Lord Fairfax Community College

Lord Fairfax Community College (LFCC) received a U.S. Dept. of Labor Round 4 TAACCCT grant in 2014 called “Knowledge to Work: A Portal for Competencies and Individualized Learning.” With this support, the College developed seven, direct assessment CBE programs with different exit points in the fields of IT (including cybersecurity), health information management, and administrative support technology. These were aligned with nationally recognized, competency frameworks of the American Health Information Management Association (AHIMA), the Association for Computing Machinery (ACM), and the International Association of Administrative Professionals (IAAP).

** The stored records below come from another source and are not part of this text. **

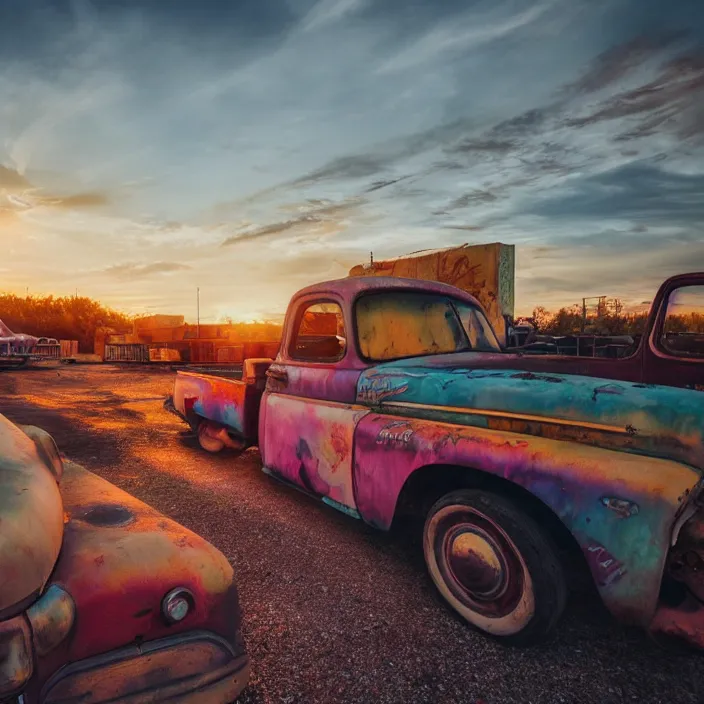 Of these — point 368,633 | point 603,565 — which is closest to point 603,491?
point 603,565

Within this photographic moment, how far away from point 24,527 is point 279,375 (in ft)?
7.37

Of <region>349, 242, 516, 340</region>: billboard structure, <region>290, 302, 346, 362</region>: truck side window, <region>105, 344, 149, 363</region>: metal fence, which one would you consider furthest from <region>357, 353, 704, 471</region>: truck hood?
<region>105, 344, 149, 363</region>: metal fence

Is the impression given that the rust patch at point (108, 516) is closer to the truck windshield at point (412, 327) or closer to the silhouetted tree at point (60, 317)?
the truck windshield at point (412, 327)

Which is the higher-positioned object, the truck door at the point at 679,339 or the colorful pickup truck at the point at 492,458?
the truck door at the point at 679,339

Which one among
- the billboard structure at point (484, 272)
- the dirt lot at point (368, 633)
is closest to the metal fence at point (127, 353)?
the billboard structure at point (484, 272)

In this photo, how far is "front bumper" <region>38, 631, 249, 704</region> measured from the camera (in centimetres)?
135

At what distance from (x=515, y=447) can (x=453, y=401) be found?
0.42m

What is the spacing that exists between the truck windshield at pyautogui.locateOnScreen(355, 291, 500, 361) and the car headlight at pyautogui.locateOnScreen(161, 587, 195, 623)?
1.72 metres

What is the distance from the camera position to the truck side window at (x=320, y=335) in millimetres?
3290

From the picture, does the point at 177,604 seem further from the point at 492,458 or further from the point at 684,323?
the point at 684,323

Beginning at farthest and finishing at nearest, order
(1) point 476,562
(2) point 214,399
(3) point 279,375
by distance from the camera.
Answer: (2) point 214,399 < (3) point 279,375 < (1) point 476,562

LFCC received approval to offer these direct assessment programs from its regional accrediting agency, the Southern Association for Colleges and Schools Commission on Colleges (SACSCOC) in July 2015 and enrolled students in them from fall 2015 through spring 2017. The College then moved to a course-based CBE model, and has continued to redesign and offer CBE aligned courses in these programs, including general education requirements. An eighth program in supervision was approved by SACSCOC for course-based CBE. Other programs at LFCC, such as early childhood education, are also experimenting with a CBE course model.
At the heart of LFCC’s approach is the use of free and low-cost open educational resources (OER) tied to competencies and the TAACCCT grant funded several digital librarians and faculty in the program disciplines. LFCC developed open source software to provide personalized learning plans for faculty and career coaches to track competencies for prior learning assessment (PLA) and new educational activities, as well for case management and to produce an Extended Transcript. LFCC was part of the IMS Global CBE Record Data Standard work group that worked on this.

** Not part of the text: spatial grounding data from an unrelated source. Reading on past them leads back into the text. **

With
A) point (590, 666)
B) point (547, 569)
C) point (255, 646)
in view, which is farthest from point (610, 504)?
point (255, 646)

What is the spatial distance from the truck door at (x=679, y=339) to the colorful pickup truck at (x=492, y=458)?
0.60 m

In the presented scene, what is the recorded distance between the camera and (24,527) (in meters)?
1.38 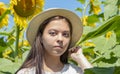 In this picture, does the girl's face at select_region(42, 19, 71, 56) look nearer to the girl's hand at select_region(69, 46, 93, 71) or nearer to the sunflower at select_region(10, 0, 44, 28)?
the girl's hand at select_region(69, 46, 93, 71)

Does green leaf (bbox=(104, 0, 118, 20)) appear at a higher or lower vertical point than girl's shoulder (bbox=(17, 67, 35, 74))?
higher

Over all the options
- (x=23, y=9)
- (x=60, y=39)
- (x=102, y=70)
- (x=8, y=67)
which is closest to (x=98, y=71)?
(x=102, y=70)

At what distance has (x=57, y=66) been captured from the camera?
5.58 feet

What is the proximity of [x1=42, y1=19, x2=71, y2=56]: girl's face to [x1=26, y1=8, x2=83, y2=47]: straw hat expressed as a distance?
5cm

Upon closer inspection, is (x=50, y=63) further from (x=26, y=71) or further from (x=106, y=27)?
(x=106, y=27)

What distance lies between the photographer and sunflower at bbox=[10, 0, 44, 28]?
6.27ft

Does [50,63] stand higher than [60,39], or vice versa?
[60,39]

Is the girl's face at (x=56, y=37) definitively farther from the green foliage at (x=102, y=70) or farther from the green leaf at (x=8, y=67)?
the green foliage at (x=102, y=70)

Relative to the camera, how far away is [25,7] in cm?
188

Software and data for personalized learning plans, using competencies, and searching for OER were pushed online in 2016 through a free portal called Knowledge to Work, now available in English and Spanish at http://knowledgetowork.com. The portal is designed to promote work-based learning to help users develop new competencies. It has been expanded to focus on job seekers and incumbent workers and incorporates USDOL’s Career One Stop, Competency Model Clearinghouse, and O*NET occupational data. The portal operates separately from the credit CBE programs, but is used to promote competencies aligned with instructional materials to students and faculty, as well as for prior learning assessment.

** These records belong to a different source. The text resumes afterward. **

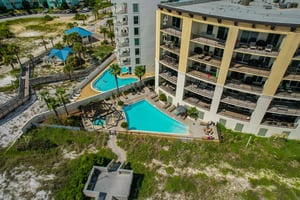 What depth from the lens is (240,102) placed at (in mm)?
35000

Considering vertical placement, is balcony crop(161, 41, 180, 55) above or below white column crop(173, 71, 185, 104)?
above

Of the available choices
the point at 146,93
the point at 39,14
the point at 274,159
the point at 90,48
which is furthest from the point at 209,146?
the point at 39,14

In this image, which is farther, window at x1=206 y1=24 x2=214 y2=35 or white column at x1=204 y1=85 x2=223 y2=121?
white column at x1=204 y1=85 x2=223 y2=121

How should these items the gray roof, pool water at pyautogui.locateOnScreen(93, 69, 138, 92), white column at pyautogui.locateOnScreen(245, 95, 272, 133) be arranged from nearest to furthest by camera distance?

With the completion of this TAACCCT-funded work in September 2018, LFCC is looking for ways to continue the portal. It has been expanded with braided funding from a Workforce Investment Board’s America’s Promise grant to include more occupations and to leverage USDOL information from Career One Stop, the Competency Model Clearinghouse, and O*NET occupational data with knowledge, skills, abilities, and work competencies mapped to thousands of OER.